Все это Веспасиано написал задним числом, но даже и тогда, в 1476-м, знаки грядущей перемены судьбы были все очевиднее. Отношения Лоренцо Медичи с папой портились все больше, и Лоренцо считал, что знает, кого в этом винить, – собственных родственников и давних деловых конкурентов, Пацци. Брак между Бьянкой, сестрой Лоренцо, и Гульельмо Пацци, его другом детства, не примирил враждующие семейства. В 1475-м в письме самому верному и могущественному своему союзнику, Галеаццо Марии Сфорца, Лоренцо обвинял «этих моих родичей Пацци», что те постоянно против него интригуют. Дальше он жаловался, что по своей злокозненности «они стараются навредить мне во всем самыми бесчестными способами»[707].
Друг и клиент Веспасиано, глава рода Пьеро Пацци умер в 1464-м. Патриархом клана стал его пятидесятитрехлетний брат Якопо, который с помощью множества племянников начал прибирать к рукам привилегии семьи Медичи. Мало того что Пацци стали папскими банкирами, так еще и Гульельмо с братьями, Джованни и Франческино, сумели получить монополию на добычу квасцов, которая раньше принадлежала Медичи. Вдобавок ко всему в 1474-м Сикст назначил Франческо Сальвиати – кузена этих трех братьев Пацци, которого Лоренцо справедливо считал креатурой враждебного клана, – архиепископом Пизы. Лоренцо это назначение не нравилось, но Сикст упрямо стоял на своем. Он напомнил, что Лоренцо – «обычный гражданин, а мы – папа, ибо так угодно Богу»[708].

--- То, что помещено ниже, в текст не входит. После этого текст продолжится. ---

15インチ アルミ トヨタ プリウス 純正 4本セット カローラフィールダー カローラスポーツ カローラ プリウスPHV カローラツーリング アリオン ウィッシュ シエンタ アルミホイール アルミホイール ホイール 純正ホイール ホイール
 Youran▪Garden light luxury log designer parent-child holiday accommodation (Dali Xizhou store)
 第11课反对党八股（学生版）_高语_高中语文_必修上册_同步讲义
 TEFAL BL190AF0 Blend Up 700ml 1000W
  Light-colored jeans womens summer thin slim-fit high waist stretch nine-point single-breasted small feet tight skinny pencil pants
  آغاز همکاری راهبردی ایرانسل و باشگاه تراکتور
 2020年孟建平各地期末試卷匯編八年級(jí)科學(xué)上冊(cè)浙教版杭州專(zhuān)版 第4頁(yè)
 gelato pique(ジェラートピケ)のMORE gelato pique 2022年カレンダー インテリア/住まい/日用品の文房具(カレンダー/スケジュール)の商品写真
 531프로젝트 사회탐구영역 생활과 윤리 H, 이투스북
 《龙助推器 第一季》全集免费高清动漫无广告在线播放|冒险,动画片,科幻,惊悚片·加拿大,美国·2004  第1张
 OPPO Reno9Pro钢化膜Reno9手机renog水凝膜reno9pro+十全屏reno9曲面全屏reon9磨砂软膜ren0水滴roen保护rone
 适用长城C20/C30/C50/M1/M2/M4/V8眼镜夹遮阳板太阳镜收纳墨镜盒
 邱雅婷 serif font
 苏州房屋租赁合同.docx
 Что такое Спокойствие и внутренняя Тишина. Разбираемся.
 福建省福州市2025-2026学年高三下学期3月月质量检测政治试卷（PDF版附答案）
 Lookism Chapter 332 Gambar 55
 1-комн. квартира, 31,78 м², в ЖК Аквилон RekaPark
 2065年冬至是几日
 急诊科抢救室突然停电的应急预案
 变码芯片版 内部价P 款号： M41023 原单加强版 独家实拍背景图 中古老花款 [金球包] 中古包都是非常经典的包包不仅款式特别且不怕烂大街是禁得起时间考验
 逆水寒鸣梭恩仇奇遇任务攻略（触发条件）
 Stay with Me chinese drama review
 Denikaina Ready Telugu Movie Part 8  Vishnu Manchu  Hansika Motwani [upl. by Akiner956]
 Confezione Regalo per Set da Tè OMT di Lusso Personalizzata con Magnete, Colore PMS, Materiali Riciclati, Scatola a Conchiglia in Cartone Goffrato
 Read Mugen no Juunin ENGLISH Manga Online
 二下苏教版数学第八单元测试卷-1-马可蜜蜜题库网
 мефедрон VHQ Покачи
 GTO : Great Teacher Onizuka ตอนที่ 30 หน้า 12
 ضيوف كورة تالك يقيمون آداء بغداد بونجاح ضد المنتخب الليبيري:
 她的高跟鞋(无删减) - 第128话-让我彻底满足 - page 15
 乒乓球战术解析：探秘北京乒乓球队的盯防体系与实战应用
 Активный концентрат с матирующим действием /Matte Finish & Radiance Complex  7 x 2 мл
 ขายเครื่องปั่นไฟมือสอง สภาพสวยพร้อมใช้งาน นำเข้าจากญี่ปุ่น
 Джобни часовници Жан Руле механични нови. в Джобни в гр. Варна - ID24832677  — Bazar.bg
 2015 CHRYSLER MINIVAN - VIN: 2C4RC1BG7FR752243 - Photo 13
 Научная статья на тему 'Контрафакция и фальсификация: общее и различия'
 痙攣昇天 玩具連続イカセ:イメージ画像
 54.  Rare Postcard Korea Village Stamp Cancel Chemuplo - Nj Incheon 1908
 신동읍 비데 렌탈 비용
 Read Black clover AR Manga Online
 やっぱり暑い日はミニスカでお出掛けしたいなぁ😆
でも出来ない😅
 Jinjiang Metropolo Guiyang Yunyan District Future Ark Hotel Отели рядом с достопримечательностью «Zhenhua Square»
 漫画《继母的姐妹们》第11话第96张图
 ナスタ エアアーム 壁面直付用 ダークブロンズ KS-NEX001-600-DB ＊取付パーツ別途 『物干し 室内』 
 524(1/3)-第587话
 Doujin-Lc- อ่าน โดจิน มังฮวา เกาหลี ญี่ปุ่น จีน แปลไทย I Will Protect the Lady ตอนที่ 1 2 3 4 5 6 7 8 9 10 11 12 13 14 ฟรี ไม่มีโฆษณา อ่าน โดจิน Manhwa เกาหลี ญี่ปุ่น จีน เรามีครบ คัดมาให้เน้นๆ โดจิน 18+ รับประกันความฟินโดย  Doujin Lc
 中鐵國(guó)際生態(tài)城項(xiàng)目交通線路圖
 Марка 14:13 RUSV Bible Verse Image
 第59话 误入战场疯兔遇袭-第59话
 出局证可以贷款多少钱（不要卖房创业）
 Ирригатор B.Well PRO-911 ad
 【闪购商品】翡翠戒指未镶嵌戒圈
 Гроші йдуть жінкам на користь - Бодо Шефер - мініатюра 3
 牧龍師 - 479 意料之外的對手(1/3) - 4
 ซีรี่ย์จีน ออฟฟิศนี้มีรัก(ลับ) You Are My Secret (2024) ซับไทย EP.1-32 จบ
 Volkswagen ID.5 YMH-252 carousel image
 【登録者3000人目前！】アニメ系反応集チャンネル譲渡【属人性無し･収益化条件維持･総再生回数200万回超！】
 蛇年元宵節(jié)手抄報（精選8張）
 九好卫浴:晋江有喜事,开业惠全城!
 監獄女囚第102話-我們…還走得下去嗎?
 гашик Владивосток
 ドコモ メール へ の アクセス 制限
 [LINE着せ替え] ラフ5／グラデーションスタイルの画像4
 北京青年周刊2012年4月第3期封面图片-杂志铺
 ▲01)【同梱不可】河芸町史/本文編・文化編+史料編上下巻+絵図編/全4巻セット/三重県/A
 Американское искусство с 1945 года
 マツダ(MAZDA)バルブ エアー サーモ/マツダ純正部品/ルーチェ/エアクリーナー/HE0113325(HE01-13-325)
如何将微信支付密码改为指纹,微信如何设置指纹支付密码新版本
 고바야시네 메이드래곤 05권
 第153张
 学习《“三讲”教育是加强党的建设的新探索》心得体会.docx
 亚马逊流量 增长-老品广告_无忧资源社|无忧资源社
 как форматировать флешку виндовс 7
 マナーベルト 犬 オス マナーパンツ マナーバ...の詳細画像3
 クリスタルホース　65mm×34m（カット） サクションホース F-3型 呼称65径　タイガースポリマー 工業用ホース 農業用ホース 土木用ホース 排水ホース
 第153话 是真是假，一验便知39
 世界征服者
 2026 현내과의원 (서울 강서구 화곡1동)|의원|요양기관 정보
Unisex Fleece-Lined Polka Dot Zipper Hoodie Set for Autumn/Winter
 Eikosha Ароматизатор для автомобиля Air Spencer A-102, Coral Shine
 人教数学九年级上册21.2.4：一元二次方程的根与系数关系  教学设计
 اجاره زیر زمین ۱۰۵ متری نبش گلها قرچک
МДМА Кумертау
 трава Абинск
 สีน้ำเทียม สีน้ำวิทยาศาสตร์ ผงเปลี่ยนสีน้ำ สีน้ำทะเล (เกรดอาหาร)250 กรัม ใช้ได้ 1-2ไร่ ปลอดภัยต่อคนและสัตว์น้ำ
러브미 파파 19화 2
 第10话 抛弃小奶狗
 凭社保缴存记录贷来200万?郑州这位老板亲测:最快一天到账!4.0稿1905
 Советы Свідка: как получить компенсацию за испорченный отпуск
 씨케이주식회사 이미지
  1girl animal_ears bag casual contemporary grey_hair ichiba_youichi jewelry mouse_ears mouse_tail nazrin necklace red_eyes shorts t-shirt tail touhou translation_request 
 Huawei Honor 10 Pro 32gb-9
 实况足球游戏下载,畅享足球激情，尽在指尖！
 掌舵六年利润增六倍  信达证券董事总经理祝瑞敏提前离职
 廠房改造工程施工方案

Положение Лоренцо стало еще опаснее со смертью Галеаццо Марии Сфорца. Герцог был, наверное, самым ярким воплощением характерного ренессансного типа, соединявшего культурную утонченность и набожность с запредельным тщеславием и жестокостью. Он был библиофил, любил музыку, покровительствовал искусствам, обожал своего маленького сына и наследника (для того чтобы облегчить его рождение, герцог даже добыл мощи Марии Магдалины). При этом миланцы ненавидели герцога за безмерную расточительность, требовавшую повышения налогов. Как-то Галеаццо Мария приехал во Флоренцию с огромной свитой, включающей тысячи лошадей и собак, соколов, десяток карет и огромный штат разодетых в бархат слуг и придворных. Еще хуже были его распутство и свирепость. Он соблазнял жен своих придворных, а для преступников и политических врагов выдумывал неслыханные прежде казни – например, закопать живьем в железном гробу. Подобно королю Ферранте, Галеаццо Мария упивался извращенными зрелищами. Излюбленной забавой герцога было смотреть на трупы, вид которых, по словам историка, приводил его в нездоровое возбуждение[709].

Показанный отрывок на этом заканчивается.